TEMPTED BY THE SILENCE

@brainwane @itamarst Asking the doctor why their clinic notes say "please like and subscribe" at the end

Sumana Harihareswara Jul 22

@threedaymonk May I boost? (asking since you posted as unlisted/quiet public)

@brainwane @itamarst go ahead!

マリオ (Mario Menti)Jul 22

@threedaymonk @brainwane @itamarst I came across loads of those when using Whisper in a project at work. If it can't discern any words, it tends to just add things like these. We had German audio, and in these cases where there was no speech, or hardly any speech, it often added references to things like ZDF (a German broadcaster)

Justin Derrick Jul 22

@brainwane @itamarst Yeah, I processed a series of videos with odd audio tracks - sometimes they contained nothing, or white noise. The transcriptions it produced were all very strange, but were basically a “greatest hits” of phrases from YouTube closed captioning.

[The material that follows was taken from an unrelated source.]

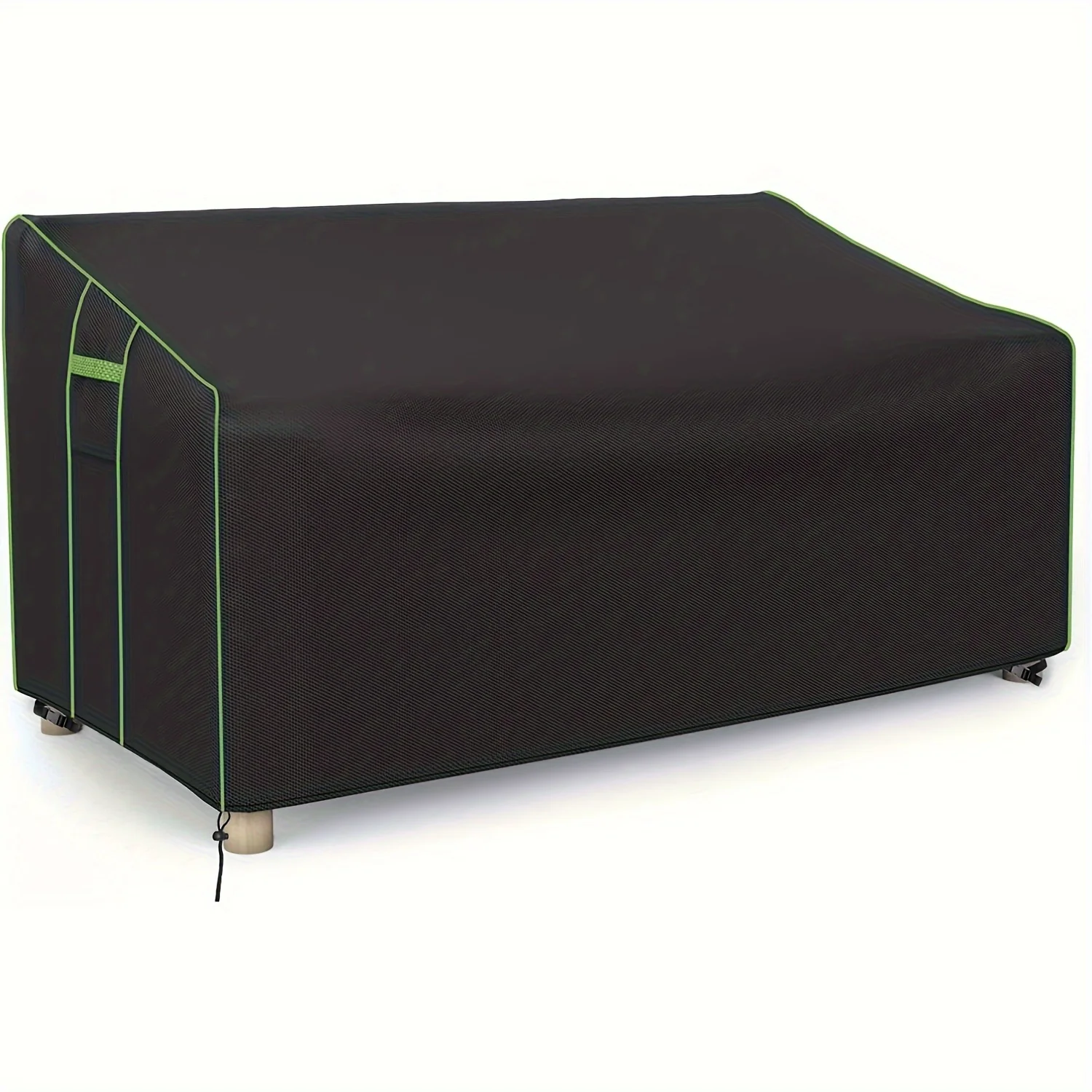 The courtyard sofa cover is waterproof, the double seat balcony two person sofa cover, the 600D thickens the heavy-duty outdoor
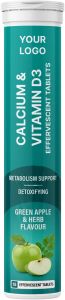 Calcium & Vitamin D3 Effervescent Tablets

I considered this as a “accepted side effect”, and didn’t really consider it a bug.

Alexander 😷Jul 22

@brainwane @itamarst And now we know where Whisper steals its training data.

Adolfo Jayme Barrientos Jul 23

@brainwane @itamarst
From that Xitter thread: “... the culture’s disregard for quality...”
I stopped reading. THE US-AMERICAN’S ARROGANCE.

Itamar Turner-Trauring Jul 23

@fito @brainwane It's pretty gross way to put it, yes, not endorsing them as a person, don't know who they are, but the explanation of the mechanism (training on captions) makes sense.